→ **What you need to do**
Word for word, transcribe every line from the one holding "Bush Hog 3Pt 8-Shank Chisel Plow" through the end of the records, but not the pictures.

-------- The records

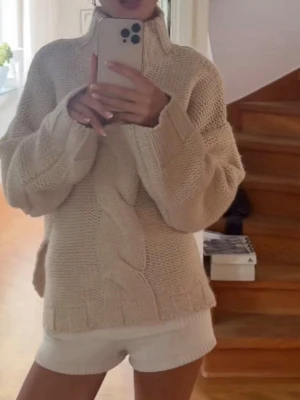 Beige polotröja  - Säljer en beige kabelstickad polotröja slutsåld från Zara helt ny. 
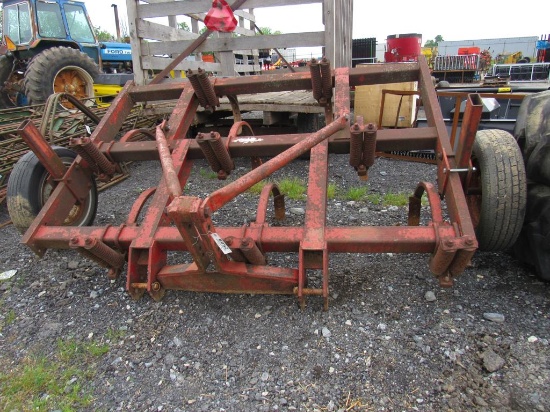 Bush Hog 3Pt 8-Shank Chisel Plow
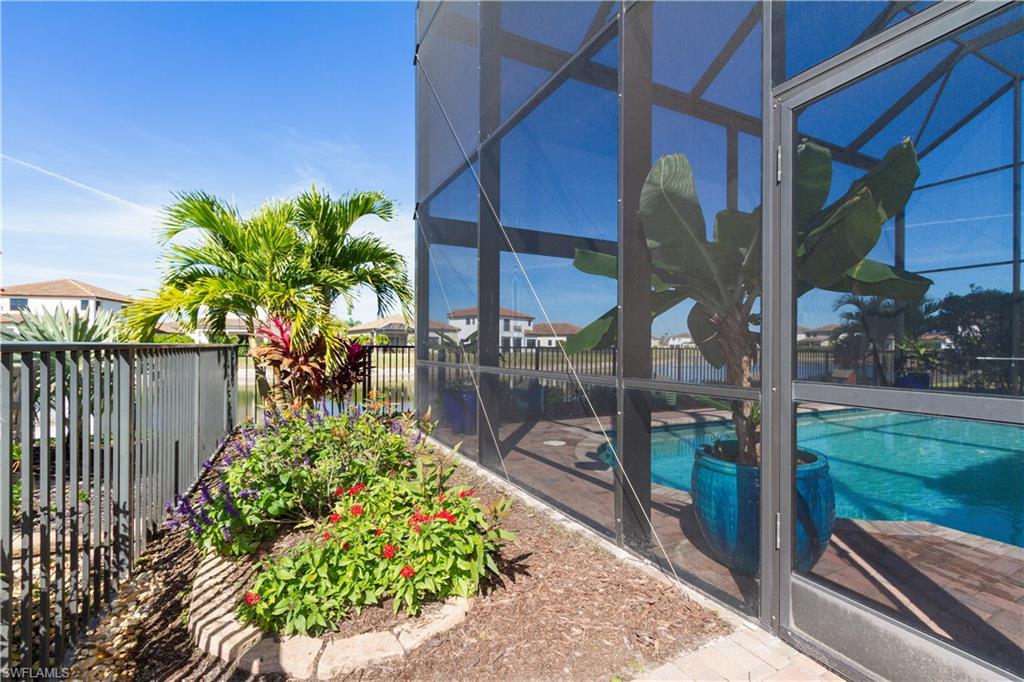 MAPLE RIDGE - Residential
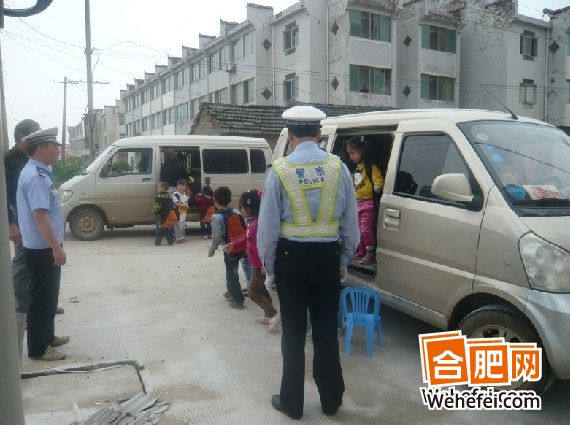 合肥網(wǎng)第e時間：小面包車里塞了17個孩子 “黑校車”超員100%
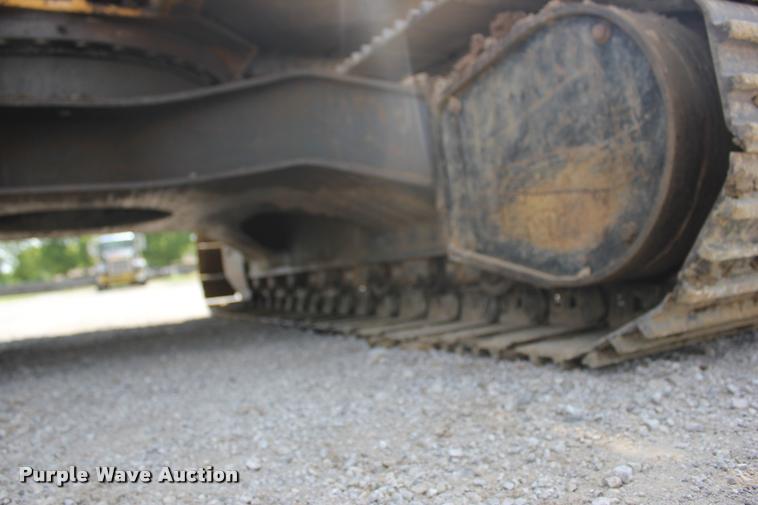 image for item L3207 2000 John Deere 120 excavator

----------------

→ **Solution for this exercise**
 Bush Hog 3Pt 8-Shank Chisel Plow
 MAPLE RIDGE - Residential
 合肥網(wǎng)第e時間：小面包車里塞了17個孩子 “黑校車”超員100%
 image for item L3207 2000 John Deere 120 excavator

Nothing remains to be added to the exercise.